Obviously, the one subject where there is some detectable ‘blue water’ between Labour and the Tories and putatively one where they could regain the affections of the “girl” is Europe. Here Mr Howard has been more explicit than in any other area - not just because he recognises the need to try and win back UKIP defectors, but because he also needs to keep his own Europhobes in check. He pledges that in the first week of a new Tory government he will set a date for a referendum on the European constitution. The Conservative Party will renegotiate fundamental parts of the existing European treaties. Out will go the social chapter - “a threat to British jobs”: ie, British capital hates it. Out will go the common fisheries policy and more besides. This stance is predicated on the notion that “If you want to bring powers back from Brussels to Britain, whatever party you’re from, come and join us”.
But quite rightly, whatever his real opinion, he dare not go any further. Europe has been the fault line which has divided the Conservative Party for the last generation and it remains fundamentally an unresolved and potentially destructive issue, only suppressed by the exigencies of a general election.

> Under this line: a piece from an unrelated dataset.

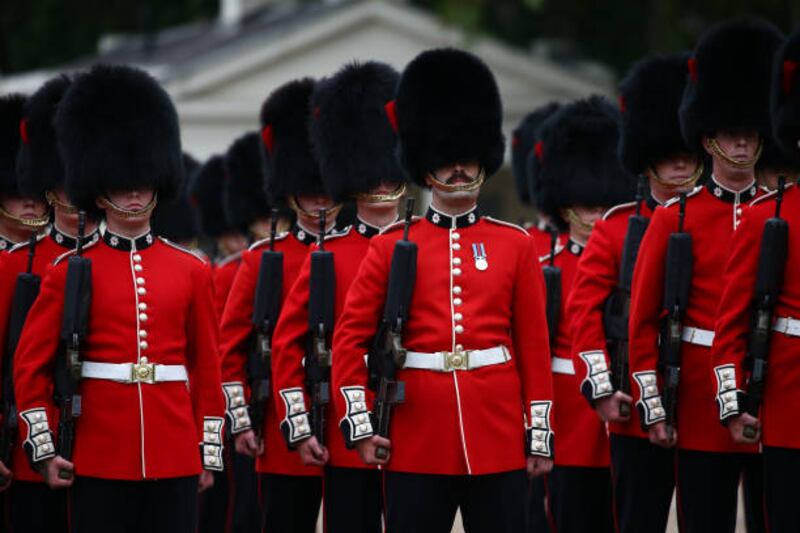 LONDON, ENGLAND - AUGUST 23: Members of the first battalion of Coldstream Guards participate in the Changing of the Guard ceremony at Wellington Barracks on August 23, 2021 in London, England. The event marks the return of one of the city's top tourist attractions which had not been performed since March 2020. (Photo by Hollie Adams / Getty Images)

One of the rare lighter moments at conference came when a plaintive William Hague was heard moaning from the fringe: “I said [in the general election campaign of 2001], ‘Come with me and I will give you back your country’, and nobody came”.
Looking back to last year, when poor Iain Duncan Smith (anybody remember him at all?), with his 17 carefully stage-managed standing ovations, was facing the axe, and conference turned into a macabre kind of beauty contest, in which an assortment of dull, grey men in dull, grey suits courted the favours of the assembled representatives, Bournemouth this year might turn out to have been a relative success, at least in terms of presentation. But there was little meaningful sound, certainly no inspirational fury and the whole thing certainly signified nothing. As any Tory with half a brain will tell you, on the basis of the current situation the best that the party can hope for electorally is to hold its current position and perhaps make some inroads into marginals. But that is tops. The idea of winning is just a mad fantasy.
As we have seen, however, much can change, even in a single week. But our job remains unchanged - to create a mass Marxist party of the working class, with a real socialist programme, in conditions which are moving significantly. The Tories are historically the most consistent and virulent of our enemies and it is good to see them in trouble. If, by chance, they perish, then we shall shed no tears, except those of joy, but the ruling class is already comfortable with the Tories’ ideological successors. Our strategic task remains to win our class from Labourism.